General information
- Date(s): December 22, 1997
- Location: Glorietta Activity Center, Makati
- Network(s): VTV on IBC

Overview
- League: Philippine Basketball Association
- First selection: Danny Ildefonso (Shell)

= 1998 PBA draft =

Player selection in Philippine basketball

The 1998 Philippine Basketball Association (PBA) rookie draft was an event at which teams drafted players from the amateur ranks.
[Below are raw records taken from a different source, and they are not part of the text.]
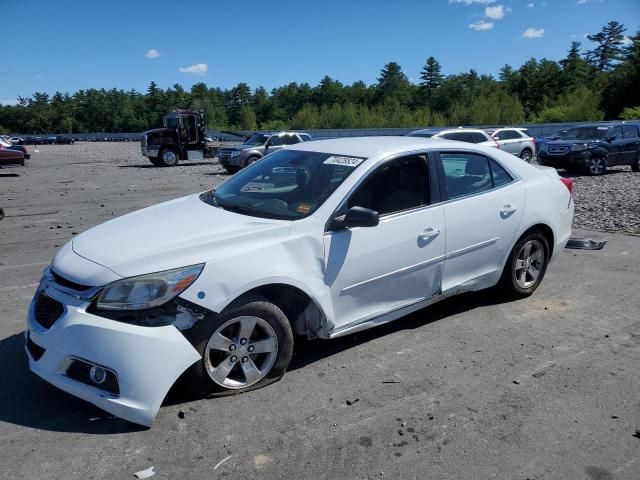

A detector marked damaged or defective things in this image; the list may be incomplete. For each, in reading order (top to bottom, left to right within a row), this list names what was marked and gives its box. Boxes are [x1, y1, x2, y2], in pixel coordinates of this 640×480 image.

exposed wheel arch [229, 284, 328, 340]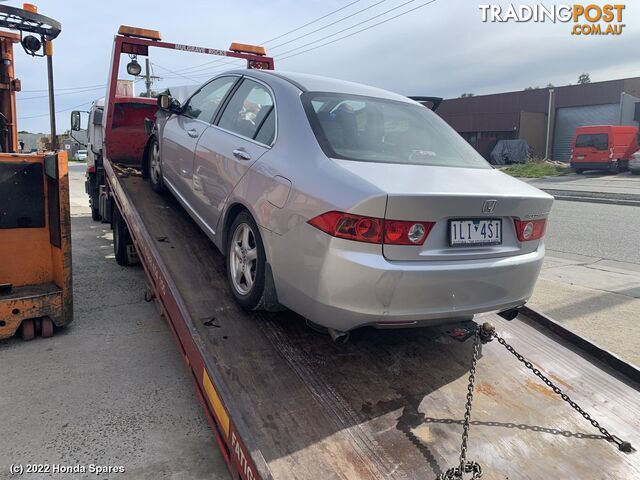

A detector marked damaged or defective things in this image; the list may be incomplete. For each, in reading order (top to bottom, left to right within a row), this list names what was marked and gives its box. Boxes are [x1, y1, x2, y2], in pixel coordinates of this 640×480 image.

rusty metal surface [121, 173, 640, 480]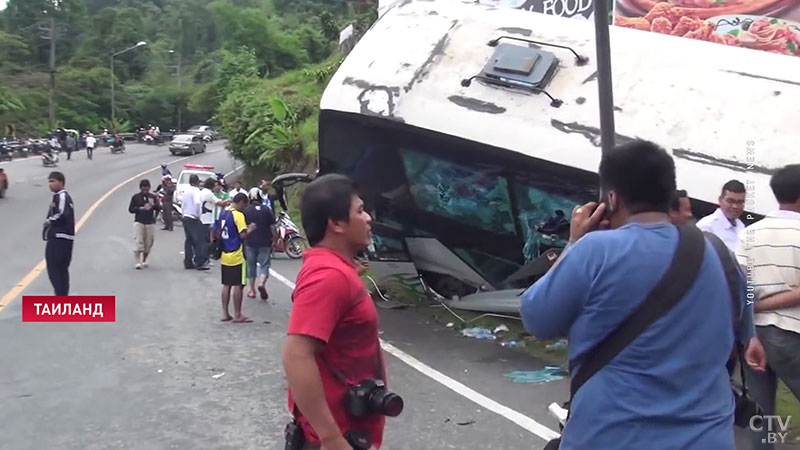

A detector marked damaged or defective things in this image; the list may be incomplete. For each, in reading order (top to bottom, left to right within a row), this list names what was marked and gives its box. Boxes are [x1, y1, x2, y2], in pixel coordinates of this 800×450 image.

overturned white bus [318, 0, 800, 302]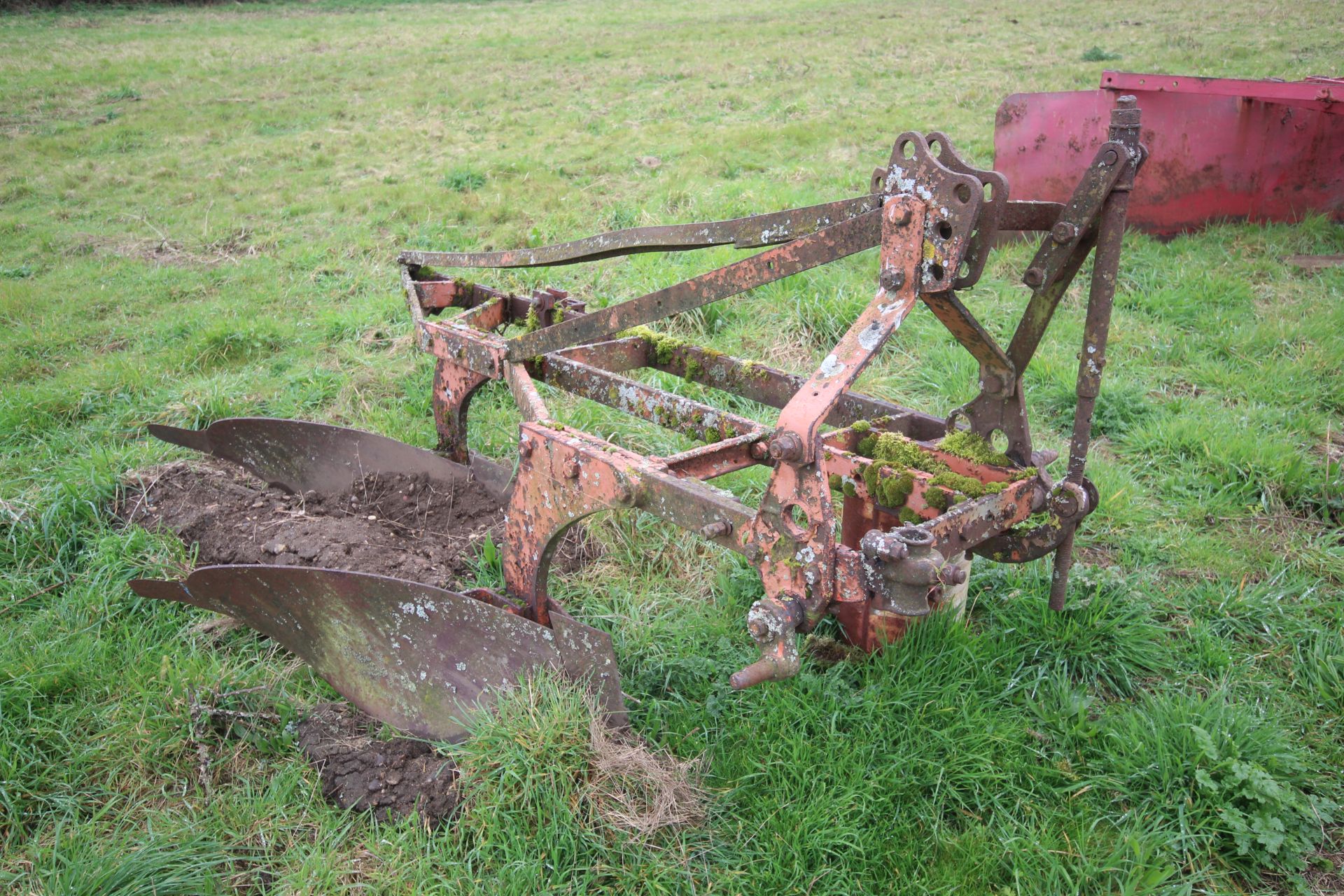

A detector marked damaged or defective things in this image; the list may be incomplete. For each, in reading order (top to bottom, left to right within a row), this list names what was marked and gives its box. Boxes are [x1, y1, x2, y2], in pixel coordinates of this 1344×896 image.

The annual rookie draft was held on December 22, 1997, at the Glorietta Mall in Makati.

==Round 1==

| Pick | Player | Country of origin* | PBA team | College |
|---|---|---|---|---|
| 1 | Danilo Ildefonso | Philippines | Formula Shell Zoom Masters | National |
| 2 | Noy Castillo | United States | San Miguel Beermen | Citadel |
| 3 | Ali Peek | United States | Pop Cola 800s | Saint Mary's |
| 4 | Brixter Encarnacion | Philippines | Pop Cola 800s | San Sebastian |
| 5 | William Antonio | United States | San Miguel Beermen | Chaminade |
| 6 | Banjo Calpito | Philippines | Sta. Lucia Realtors | San Sebastian |
| 7 | Henry Fernandez | Philippines | Purefoods Carne Norte Beefies | Visayas |
| 8 | Steven Smith | United States | Gordon's Gin Boars | US International |

==Round 2==

| Pick | Player | Country of origin* | PBA team | College |
|---|---|---|---|---|
| 9 | Jasper Ocampo | Philippines | Pop Cola 800s | San Sebastian |
| 10 | Joel Dualan | Philippines | Formula Shell Zoom Masters | University of Manila |
| 11 | Braulio Lim | Philippines | Mobiline Phone Pals | UE |
| 12 | Stephen Antonio | United States | Alaska Milkmen | Arizona State |
| 13 | Oscar Simon | Philippines | San Miguel Beermen | University of Manila |
| 15 | Ulysses Tanique | Philippines | Purefoods Carne Norte Beefies | San Sebastian |
| 16 | Erwin Framo | Philippines | Gordon's Gin Boars | University of Manila |

==Round 3==

| Pick | Player | Country of origin* | PBA team | College |
|---|---|---|---|---|
|  | Randy Alcantara | Philippines | Formula Shell Zoom Masters | Mapua Tech |
|  | Terrence Bito | United States | Pop Cola 800s | Cal State-Northridge |
|  | Tyrone Bautista | Philippines | Mobiline Phone Pals | De La Salle |
|  | Patrick Benedicto | Philippines | Alaska Milkmen | Mapua Tech |
|  | Juan Augustus Ramirez | Philippines | Purefoods Carne Norte Beefies | UST |

==Round 4==

| Pick | Player | Country of origin* | PBA team | College |
|---|---|---|---|---|
|  | Jesse Cabanayan | Philippines | Pop Cola 800s | University of Baguio |
|  | Melchor Crisostomo | Philippines | Formula Shell Zoom Masters | University of Manila |
|  | Cristino Reynoso Jr. | Philippines | Alaska Milkmen |  |

==Notes==
- The Formula Shell Zoom Masters traded first overall pick Danilo Ildefonso to the San Miguel Beermen in exchange for second overall pick Noy Castillo on draft day.
- Ginebra San Miguel traded the draft rights to Steven Smith to the San Miguel Beermen in exchange for Paul Alvarez.
- The San Miguel Beermen's fifth overall draft pick William Antonio and the Alaska Milkmen's twelfth overall draft pick Stephen Antonio are brothers.